There are multiple ways to approach this problem. Firstly, one can look at the daily high temperature for the same summer dates across years, and inspect whether there is an increasing trend over these data points. Alternatively, one can also calculate a mean daily high temperature for each year’s summer days (July 1st to the end of summer day), and see if this summer mean temperature is increasing over the years. For simplicity, let’s apply CUSUM using the second approach.
#store the summer days mean temperature in a vector
summer_mean <- rep(0,20)
#get the mean daily high temperature for the summer days for each year
for (i in 2:21){
summer_mean[[i-1]] <- mean(temp_data[,i][1:end_summer[i-1]])
}
summer_mean
## [1] 87.91667 85.64045 86.84783 88.44048 89.98551 85.15730 88.08046 84.75556
## [9] 85.12500 85.86139 87.86905 89.44578 86.31818 84.73404 90.68132 91.55714
## [17] 88.53261 84.62500 86.63636 87.91667
Plot out the summer days mean daily high temperature over the years.
plot(years, summer_mean, main="Mean Daily High Temperature in Summer Days over 1996 - 2015", xlab="Year", ylab="temperature", xlim=c(1995,2016), ylim=c(75,100))

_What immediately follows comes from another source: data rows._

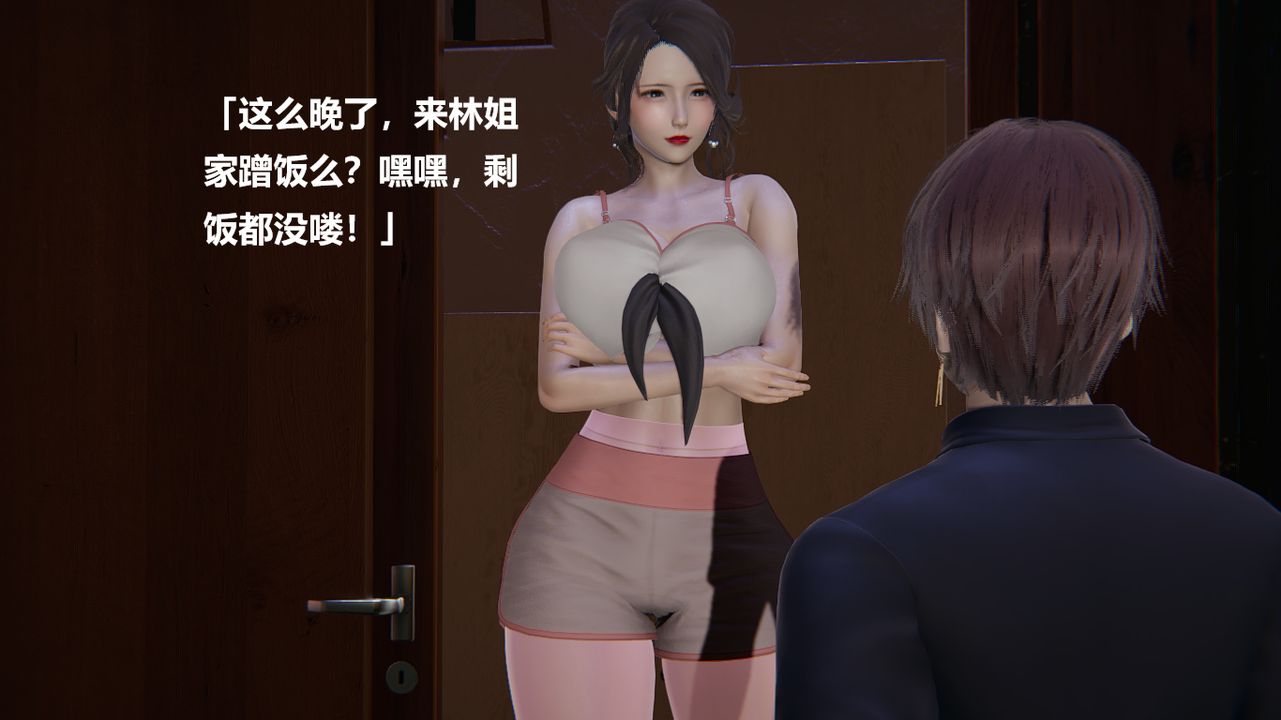 [3D]做韵律的妈妈改第04话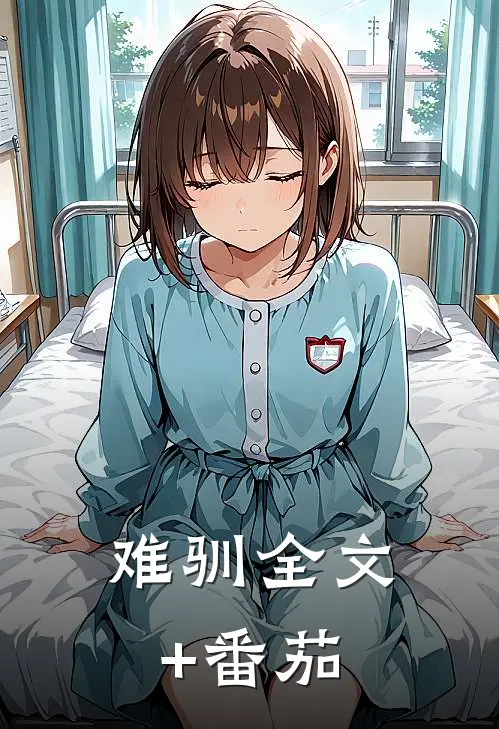 难驯全文+番茄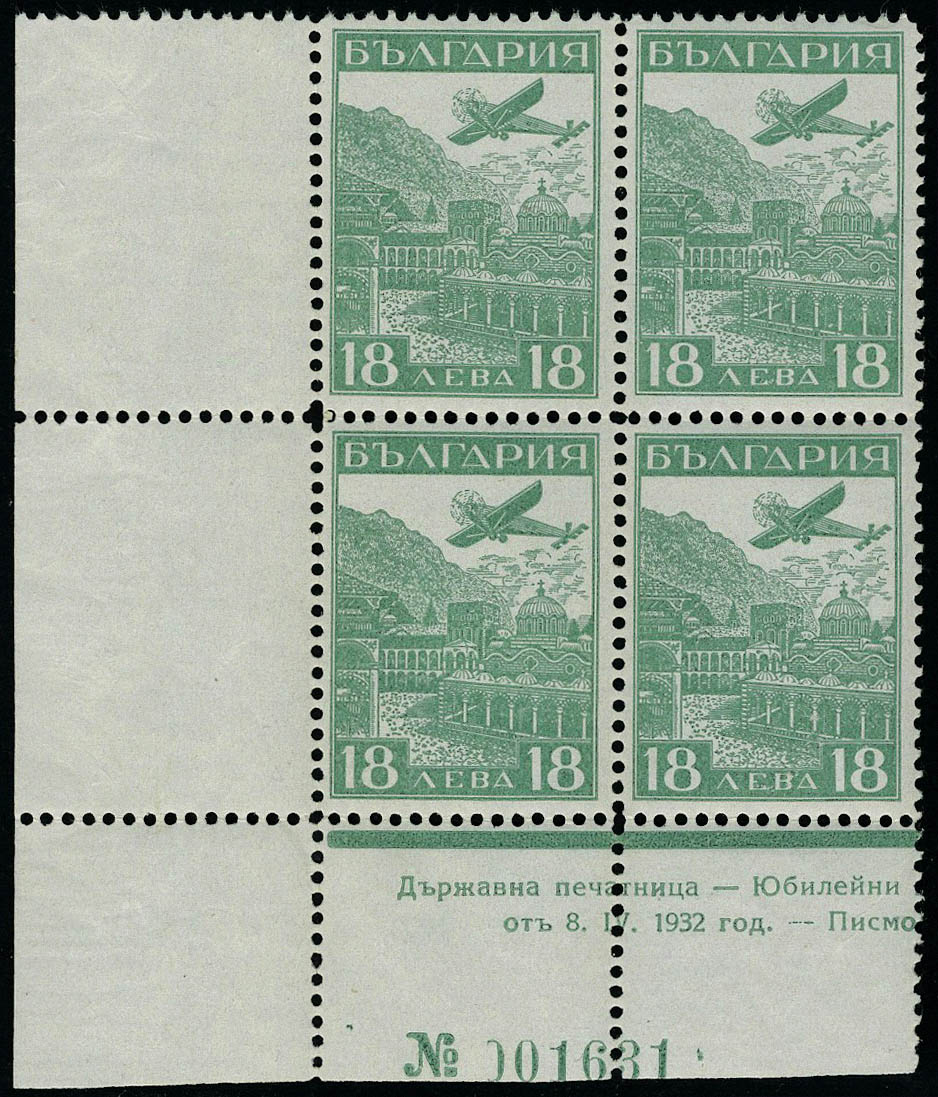 Lot 2684 - bulgarie poste aerienne - Francois Feldman F.C.N.P François FELDMAN sale #127 Lot 2684 - bulgarie poste aerienne - Francois Feldman F.C.N.P François FELDMAN sale #127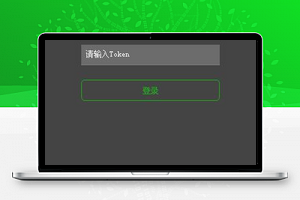 CDODE社区小程序模板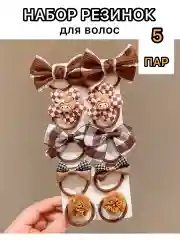 Коричневый резинки для волос, набор 5 пар, резинки с бантиком, детские для девочек, для малышей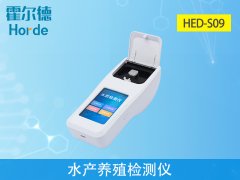 水產(chǎn)養(yǎng)殖檢測儀可檢測水質(zhì)中的哪幾項指標？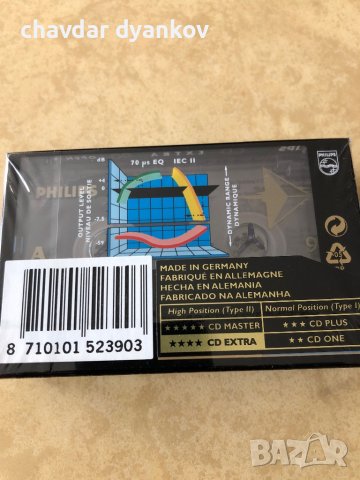 Аудиокасети филипс, снимка 2 - Други - 37028371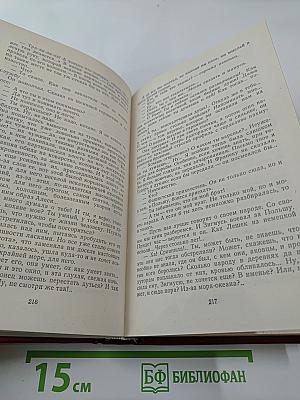 Стежки, дороги, простор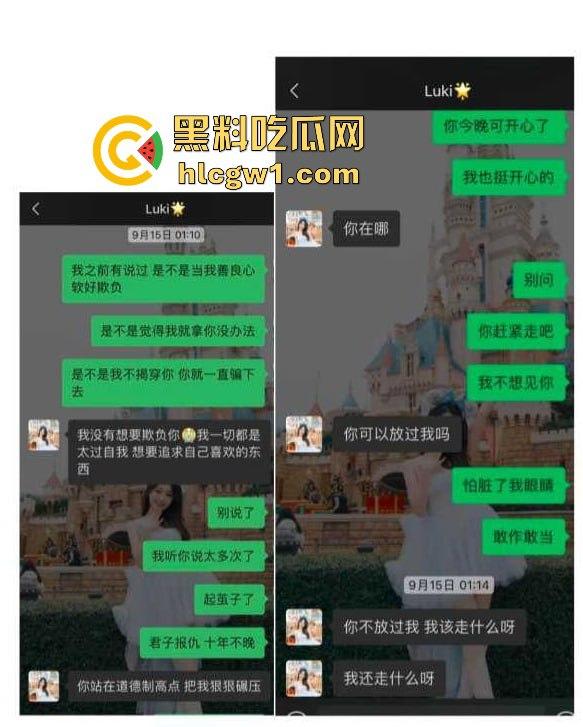 腾讯高管秘书『卢琪』的丑闻曝光！恋爱期间频繁出轨，与第三者回家打炮，丈夫终于忍无可忍公开揭发！-20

lines(years, summer_mean, lwd=2, col="orange")
text(years, summer_mean, round(summer_mean,2), cex=0.6, pos=4, col="blue")
From the above plot it’s not very clear whether the summer mean temperature is going up. Therefore, let’s construct a CUSUM time series values called s_mean.
#Global settings
#store all the s_mean values by year in a matrix
s_mean <- rep(0,20)
#initialize the first value
s_mean[[1]] <- 0
#loop through the 20 years. Note that we are detecting an increasing trend here.
temp_increase <- function(c,t){
for (j in 2:20){
s_mean[[j]] <- max(0, s_mean[[j-1]] + summer_mean[[j]] - mean(summer_mean) - c)
}
return(min(which(s_mean >= t)))
}
#testing with 10 different c and t pairs
temp_increase(0.5*sd(summer_mean),5*sd(summer_mean))
## Warning in min(which(s_mean >= t)): no non-missing arguments to min; returning
## Inf
## [1] Inf
temp_increase(0.25*sd(summer_mean),5*sd(summer_mean))
## Warning in min(which(s_mean >= t)): no non-missing arguments to min; returning
## Inf
## [1] Inf
temp_increase(0.4*sd(summer_mean),4*sd(summer_mean))
## Warning in min(which(s_mean >= t)): no non-missing arguments to min; returning
## Inf
## [1] Inf
temp_increase(0.2*sd(summer_mean),4*sd(summer_mean))
## Warning in min(which(s_mean >= t)): no non-missing arguments to min; returning
## Inf
## [1] Inf
temp_increase(0.3*sd(summer_mean),3*sd(summer_mean))
## [1] 16
temp_increase(0.15*sd(summer_mean),3*sd(summer_mean))
## [1] 16
temp_increase(0.2*sd(summer_mean),2*sd(summer_mean))
## [1] 16
temp_increase(0.1*sd(summer_mean),2*sd(summer_mean))
## [1] 16
temp_increase(0.1*sd(summer_mean),1*sd(summer_mean))
## [1] 5
temp_increase(0.05*sd(summer_mean),1*sd(summer_mean))
## [1] 5
The above results show that with smaller c and t values, the CUSUM approach is able to identify the start year of the warming to be the 16th (2011) or the 5th (2000) year since 1996. Looking back at the last two pairs, where both c and t are really small, those two detection models may be too sensitive and have mistakenly reported a random increase in temperature in 2000 as the start of the warming trend. Therefore, 2011 is detected to be the first year during the 1996 - 2015 period when Atlanta’s summer climate has gotten warmer.